The complaint for declaratory decree in this case was filed for the purpose of determining what passes under the residuary clause of the will quoted above. This determination, of course, requires a study of the trust agreement of March 25, 1935, and the powers of appointment exercised thereunder, to determine whether or not such powers as the testatrix had were "effectively exercised" under the terms of the will. On this issue, the chancellor held in part:

"Concerning the declaration of trust dated March 25, 1935, and particularly the power of appointment dated December 3, 1949, no present interest passed to any beneficiary other than the Trustor (Testatrix). It seems clear to me, from the authorities, that the power of appointment was testamentary in character and did not constitute a valid inter vivos trust appointment. As the appointment had only one subscribing witness, rather than two, as required in Florida, it did not constitute a valid testamentary disposition. Hence, the executrix should receive the assets and dispose of them agreeable to the will under which she was appointed."
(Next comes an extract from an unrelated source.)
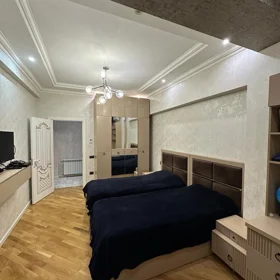In Baku 124.0 m² apartment is for sale - Image 6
After this final decree was entered, a suit which had been brought in Delaware by Elizabeth Donner Hanson, as executrix and trustee under the Donner will (one of the appellants herein) to determine the validity of the trust agreement resulted in a summary judgment of the Court of Chancery of the State of Delaware in and for New Castle County, holding that the trust was valid. An appeal from this judgment is pending in Delaware but, so far as the record here before us shows, has not yet been determined.

Appellants have lodged with us a copy of the Delaware chancellor's opinion and judgment and, on the basis thereof, have moved to remand the instant case with directions to dismiss it, taking the position that the Delaware judgment is dispositive of the main issue raised on this appeal.

We shall first consider the contention of appellants that the circuit court of Palm Beach County erred in holding the trust and the powers of appointment exercised thereunder invalid as testamentary in character. As a preliminary inquiry, it is necessary to determine whether or not jurisdiction existed in the courts of Florida to pass upon the validity of these instruments.

There can be no doubt that the court below possessed substantive jurisdiction to determine this issue. Jurisdiction existed by virtue of the will, which had been duly probated in Florida, the testatrix' domiciliary state. Reference having been made in the will, as we have seen, to powers of appointment, and the question of effective exercise thereof having been properly raised, the chancellor below had no alternative but to examine the trust instrument and documents executed thereunder and declare them valid or invalid. This is to be distinguished from a case wherein questions of administration or validity of a purported inter vivos trust arise absent a will or any reference therein. Cf. Wilmington Trust Co. v. Wilmington Trust Co., 26 Del. Ch. 397, 24 A.2d 309, 311, 139 A.L.R. 1117, wherein the settlor had executed a will "making no reference whatever to the power of appointment conferred on him by the [previously executed] trust agreement * * *" and it was held that the Delaware courts had jurisdiction to determine the validity of trust powers, although the settlor died a domiciliary of another state.